Nearly 540,000 people in Senegal will get access to clean and affordable power following the launch of two solar photovoltaic (PV) plants, financed by IFC, the European Investment Bank and Proparco, under the World Bank Group’s Scaling Solar program.
The two plants that launched operations last month are located in Kael and Kahone in Western Senegal and have a total capacity of 60MWac. They will provide energy at tariffs of 3.98 and 3.80 Euro cents per kilowatt hour, respectively – one of the lowest prices for electricity in Sub-Saharan Africa – and will help avoid 89,000 tons of CO2 emissions per year.
The two plants are sponsored by Engie, Meridiam, and the Senegalese Sovereign Wealth Fund for Strategic Investments (FONSIS). The competitive tendering was led by Senegal’s Energy Regulatory Commission (CRSE).
Although the proportion of Senegalese people with access to electricity has increased sharply over the past 30 years, nearly a quarter of the population still lacks access. Senegal´s power sector has been historically reliant on costly fuel imports, with about 80 percent of its energy mix being oil-based.
“The Kael and Kahone solar power plants exemplify our commitment to supporting Senegal’s transition to cleaner, more affordable energy, while creating business opportunities for local communities. These two projects are expected to provide the equivalent of 540,000 people with cheap, renewable electricity. This is a record in sub-Saharan Africa, which will support more than 400 direct and indirect local jobs”, said Mathieu Peller, COO of Méridiam Afrique.
The financing package of the plants includes senior loans worth €38 million from IFC, the Finland-IFC Blended Finance for Climate Program, the European Investment Bank, and French development finance institution Proparco. The Multilateral Investment Guarantee Agency (MIGA), a member of the World Bank Group, issued €6.9 million in guarantees to support the plants, providing protection against non-commercial risks for a duration of up to 15 years.
The Kahone and Kael projects were implemented in partnership with the United States Agency for International Development (USAID)’s Power Africa, the Government of the Netherlands, The Rockefeller Foundation, and The Infrastructure Development Collaboration Partnership Fund (DevCo).
“Completion of the Kahone and Kael solar plants is a testament to the success of the Scaling Solar program,” said Sérgio Pimenta, the Vice-President of IFC for the Middle East and Africa. “From inception to operation, the program laid the groundwork for the government to attract world-class investors, enable competition and achieve record low prices for solar power. This project has created a market that demonstrates the possibility for growing solar investment across the region.”
“Access to reliable, affordable and clean energy is crucial for economic and social development,” said Ambroise Fayolle, European Investment Bank Vice President. “The close cooperation between the European Investment Bank, African and international partners through Scaling Solar is unlocking investment to harness solar energy in Senegal and provides a model for accelerating green transition in Africa.”
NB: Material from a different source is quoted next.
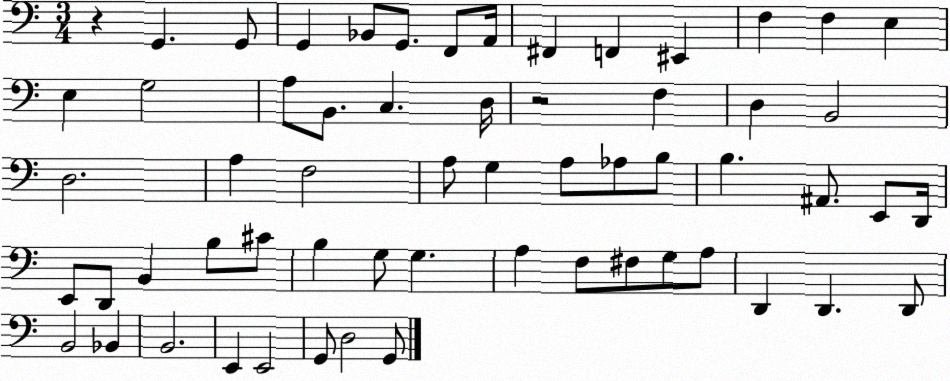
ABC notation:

“Proparco is delighted with the successful commissioning of the Kahone and Kael solar power plants, which constitutes a new milestone in Senegal’s low carbon transition. The price of the electricity produced by these projects is one of the cheapest in sub-Saharan Africa. This demonstrates the great potential of solar energy in Senegal and shows the ability of development finance institutions, such as Proparco, to contribute to the sustainable development of the country and the continent,” said Gregory Clemente, CEO of Proparco.
Senegal is the second country to bring Scaling Solar-backed PV projects to the operational stage. In March 2019, the first solar plant financed and tendered under the Scaling Solar program was inaugurated in Zambia. The Scaling Solar program continues to grow as it supports projects in Afghanistan, Côte d’Ivoire, Madagascar, Togo, and Uzbekistan currently at various stages of development.